Days before his State of the Union address, President Obama offered a sneak peek tonight into the ideas that will shape his address to the nation Tuesday night.
With the unemployment rate sitting at 9.4 percent, Obama indicated he will spend a large portion of his speech addressing the economy and ways to ensure America remains competitive.
"My number one focus is going to be making sure that we are competitive, that we are growing, and we are creating jobs," Obama said today in a Democratic National Committee video previewing his State of the Union Address.
Though he admitted to still making final touches on the speech, the president told supporters he will pledge to make the economy his number one priority, ensuring that the economy grows and more jobs are created for Americans across the country while also working to slash the deficit and trim the government to a more efficient level.

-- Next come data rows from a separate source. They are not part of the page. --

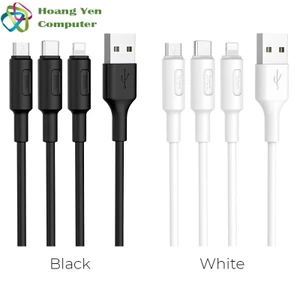 Cáp Sạc Hoco X25 3 Đầu IPhone - Micro Usb - Type C 1M - BH 6 Tháng 1 đổi 1 (MÀU SẮC NGẪU NHIÊN)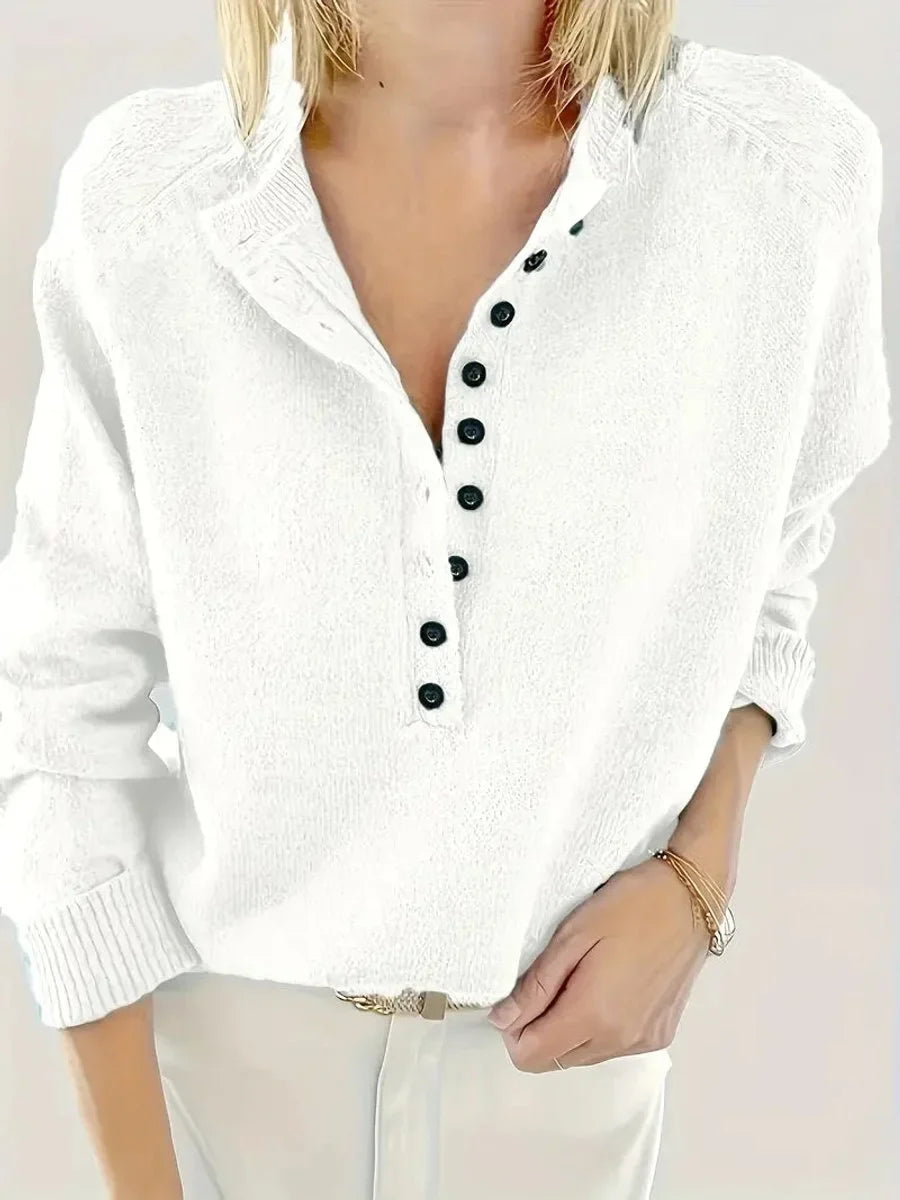 Half Button V-Neck Knit Sweater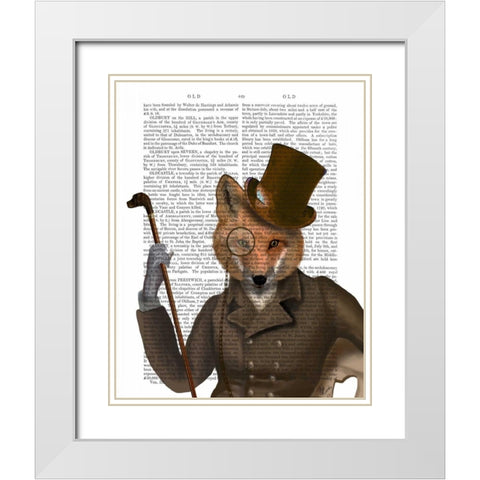 The Bounder Fox Print White Modern Wood Framed Art Print with Double Matting by Fab Funky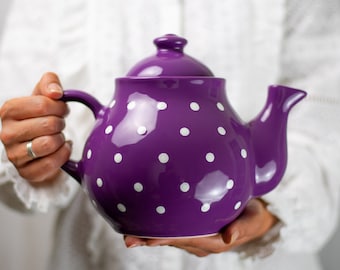 Handmade Purple Ceramic Teapot, White Polka Dot Stoneware, Extra Large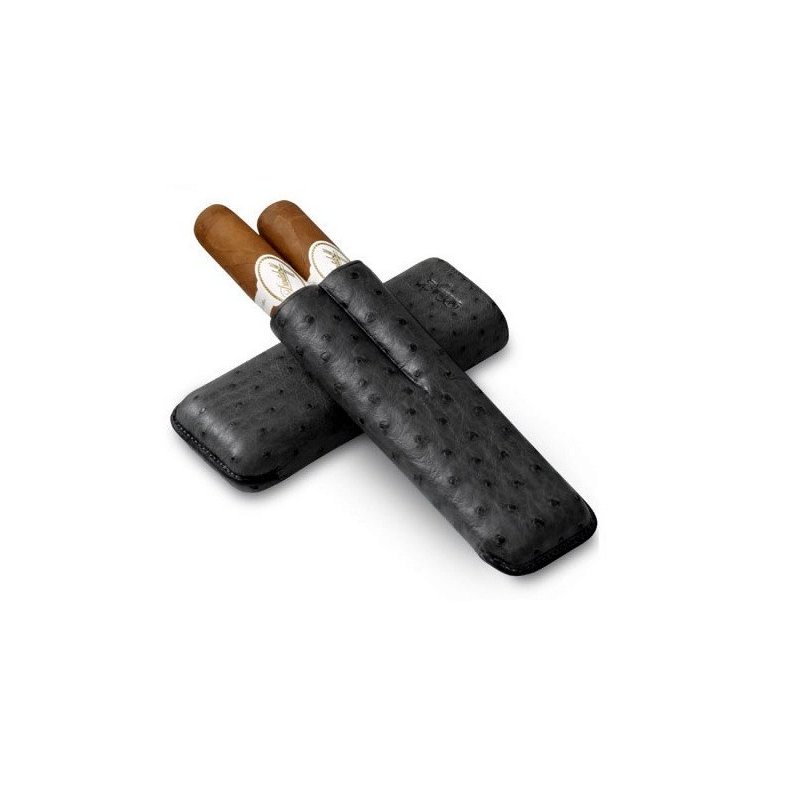 Etui 2 trabucuri Davidoff Dc Exotic Ostrich Anthracite With Quill Pattern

"I'm focused on making sure the economy is working for everybody, for the entire American family," he said.
In addition to the state of the economy, the president said he will urge the country to engage in a more civil discourse.
This is a message the president and Vice President Biden delivered to Democratic House members over the weekend.

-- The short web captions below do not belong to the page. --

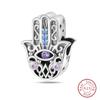 925 Silver Classic Purple Retro Heart Shape Lotus Angel Pattern Charms Beads Fit Qikaola Original Bracelets DIY Jewelry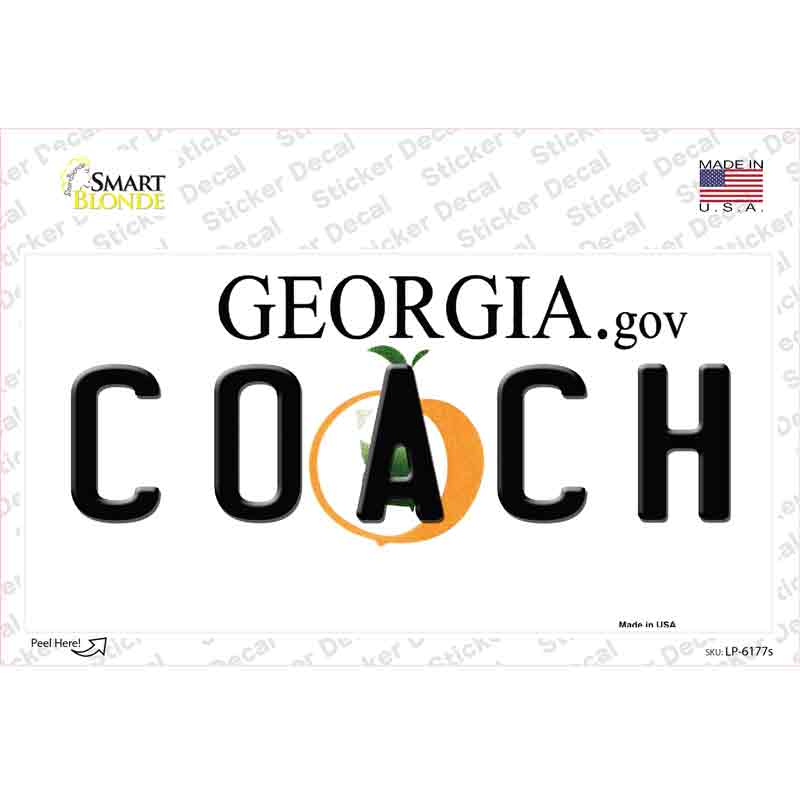 Coach Georgia Novelty Sticker Decal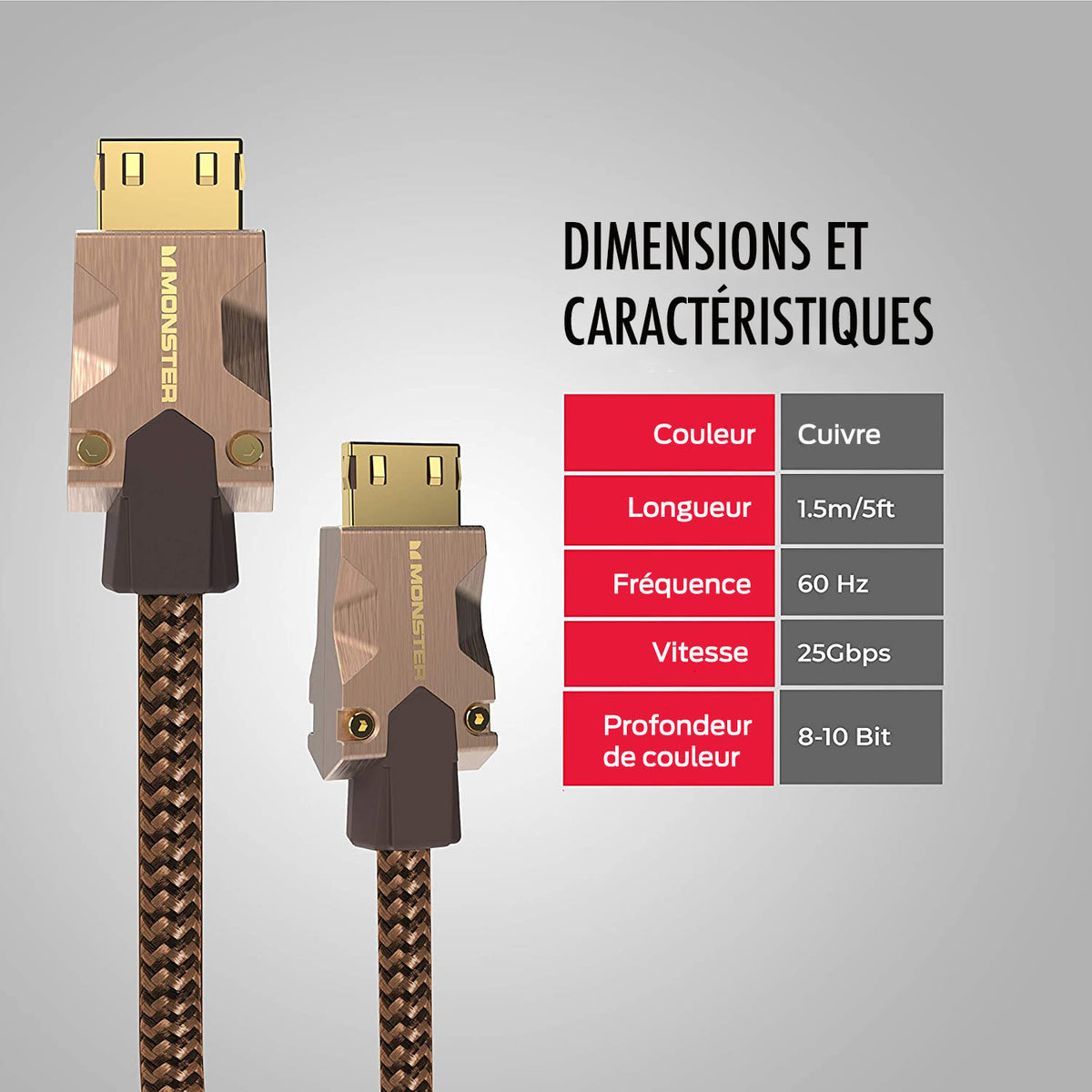 MONSTER CABLE HDMI M2000 UHD 4K HDR10+ 25GBPS 1.5M – Monster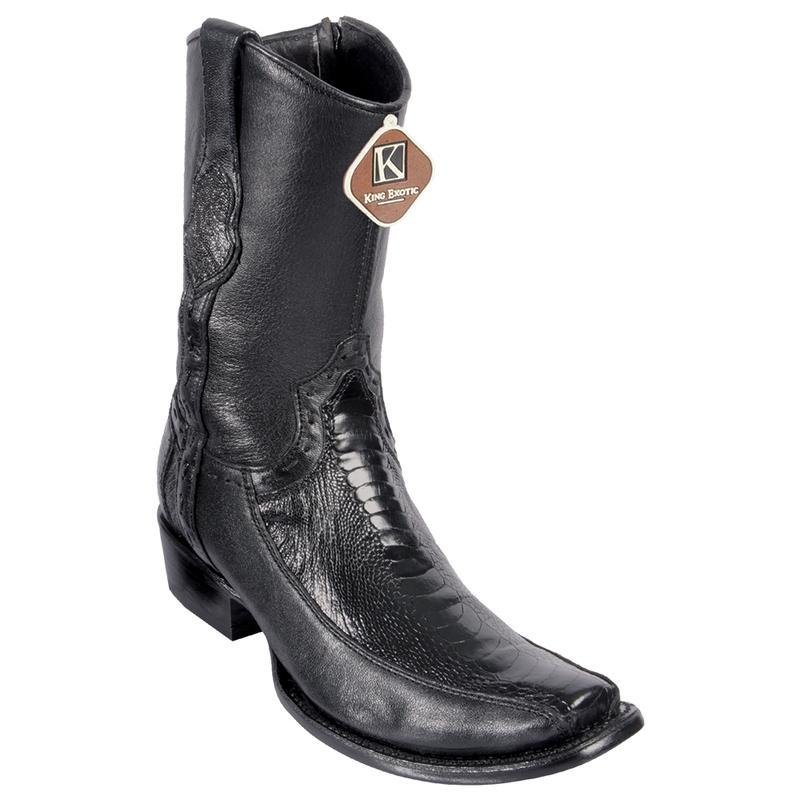Botas de Avestruz Pata con Venado Corta Horma Dubai KE-479BF0505 - King Exotic Boots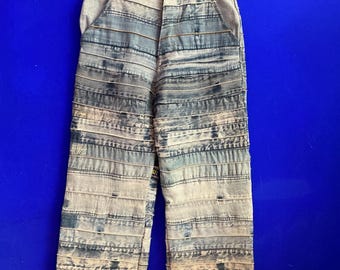 Rework Levi-jeans: gemaakt van denim taillebanden. Vintage custom-denim, gedeconstrueerd B 28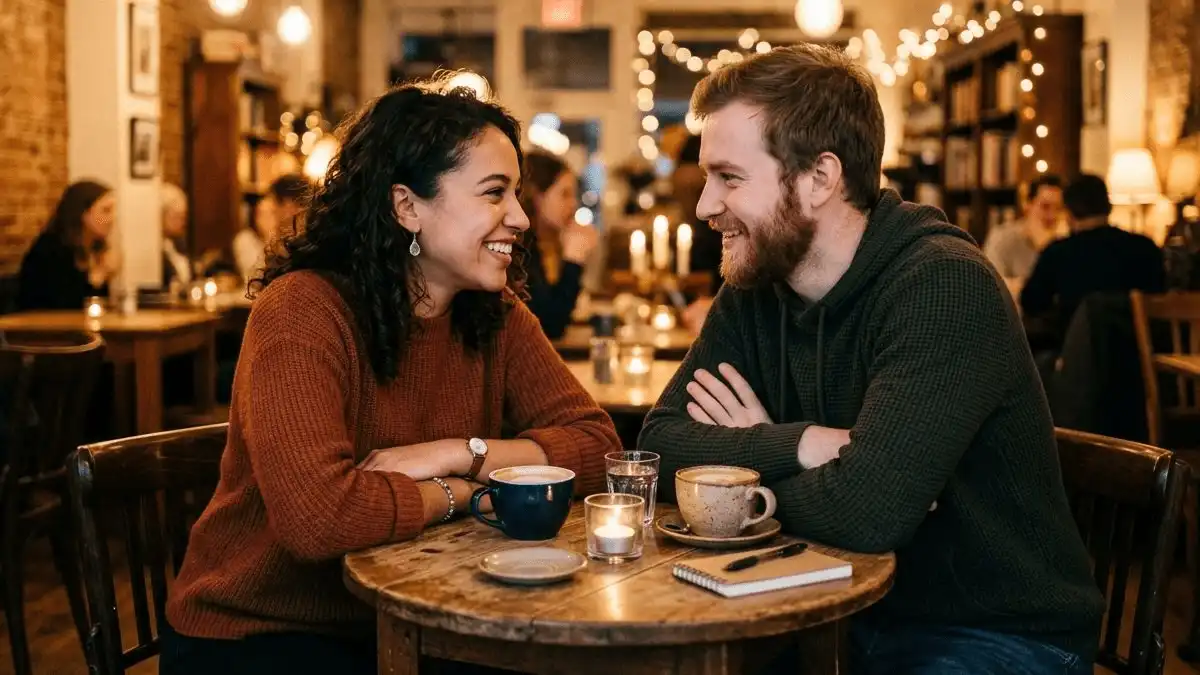 Two people sitting across from each other at a small table, leaning in with similar postures, smiling and engaged in conversation.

"We've got to change the way we talk to one another," Biden said Friday. "It matters in terms of how we're going to deal with the problems of this country, whether we're actually going to respond to the needs of the American people."
House Democrats gathered at a retreat in Cambridge, Md., to discuss one of the biggest challenges they have faced in four years -- governing as a minority.

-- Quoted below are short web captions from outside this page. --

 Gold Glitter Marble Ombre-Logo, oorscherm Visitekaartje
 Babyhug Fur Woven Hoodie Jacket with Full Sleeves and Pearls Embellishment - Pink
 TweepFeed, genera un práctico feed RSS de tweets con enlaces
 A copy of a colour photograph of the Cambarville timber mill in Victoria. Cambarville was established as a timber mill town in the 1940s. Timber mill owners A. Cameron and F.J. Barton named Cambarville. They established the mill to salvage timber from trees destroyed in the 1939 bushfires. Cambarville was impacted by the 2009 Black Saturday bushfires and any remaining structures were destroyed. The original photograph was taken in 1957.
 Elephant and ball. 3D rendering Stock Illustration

For the first time since 2006, Republicans are in control of the House a fact many House Democrats are struggling to embrace.
"You have brought a group of members together that do not have a minority psychology," House Minority Whip Steny Hoyer, said.
As they grapple with their new minority position in the House, some Democrats, including some who lost their seats in November's election, are pouring over polls, taking seminars in messaging and listening to inspirational authors as a means of understanding how they reached this state.
"I don't think they are projecting that they got the message quite yet," said Bud Cramer, a former Democratic Congressman from Alabama. "I think they have been wounded."
Cramer, who is now chairman of the Blue Dog Research Forum, suggests that a message of bi-partisanship may be the key for the Democratic Party to regain its position in Congress.
"The message that Democrats better be delivering is we get it," Cramer said. "We may have overreached for the last two years, but we need to buckle in and we need to reach across the aisle."
And while Democrats strategize on how to govern as a minority in the House, they are receiving plenty of advice.
ABC News political analyst Matthew Dowd points to a change in the tone adopted by the party and dedication to supporting the president as fundamental in their journey to success along with sitting back and letting Republicans make some mistakes of their own.
"Let the Republicans shoot themselves in the foot for a period of time," Dowd said. "And they can come in with answers."